Action item:
Every record here must be copied exactly, except for the images it holds.

(Dataset records)
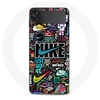 Image de Coque Samsung Galaxy Z Flip3 nike air coloré style just do it pikachu goku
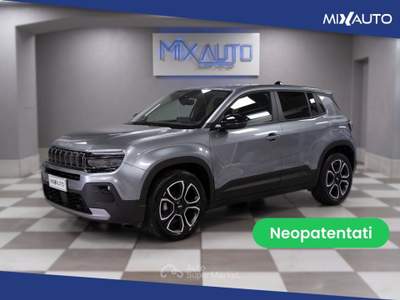 Jeep Avenger 1.2 Turbo Summit FWD 100CV Grigio usata Latina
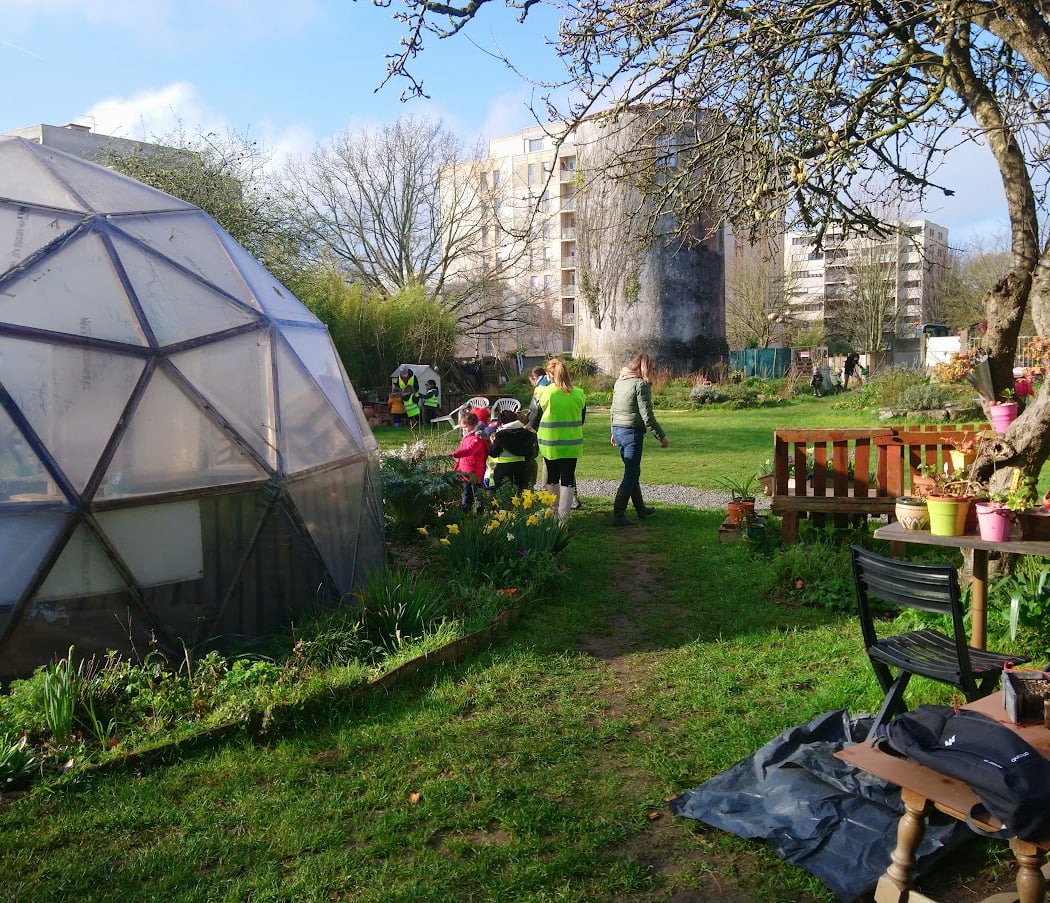 trois moulins Garden 1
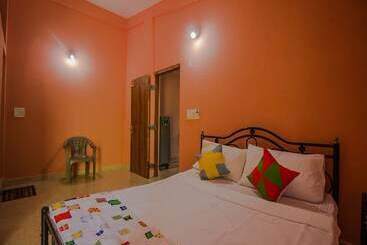 관광객 아파트 Oyo 13591 Home Serene 1bhk Anjuna River Front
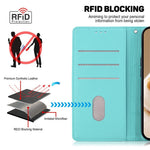 For Xiaomi Redmi Note 14 4G (163.25mm) Case RFID Blocking Kitten Pattern TPU + PU Leather Phone Cover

Result:
 Image de Coque Samsung Galaxy Z Flip3 nike air coloré style just do it pikachu goku
 Jeep Avenger 1.2 Turbo Summit FWD 100CV Grigio usata Latina
 trois moulins Garden 1
 관광객 아파트 Oyo 13591 Home Serene 1bhk Anjuna River Front
 For Xiaomi Redmi Note 14 4G (163.25mm) Case RFID Blocking Kitten Pattern TPU + PU Leather Phone Cover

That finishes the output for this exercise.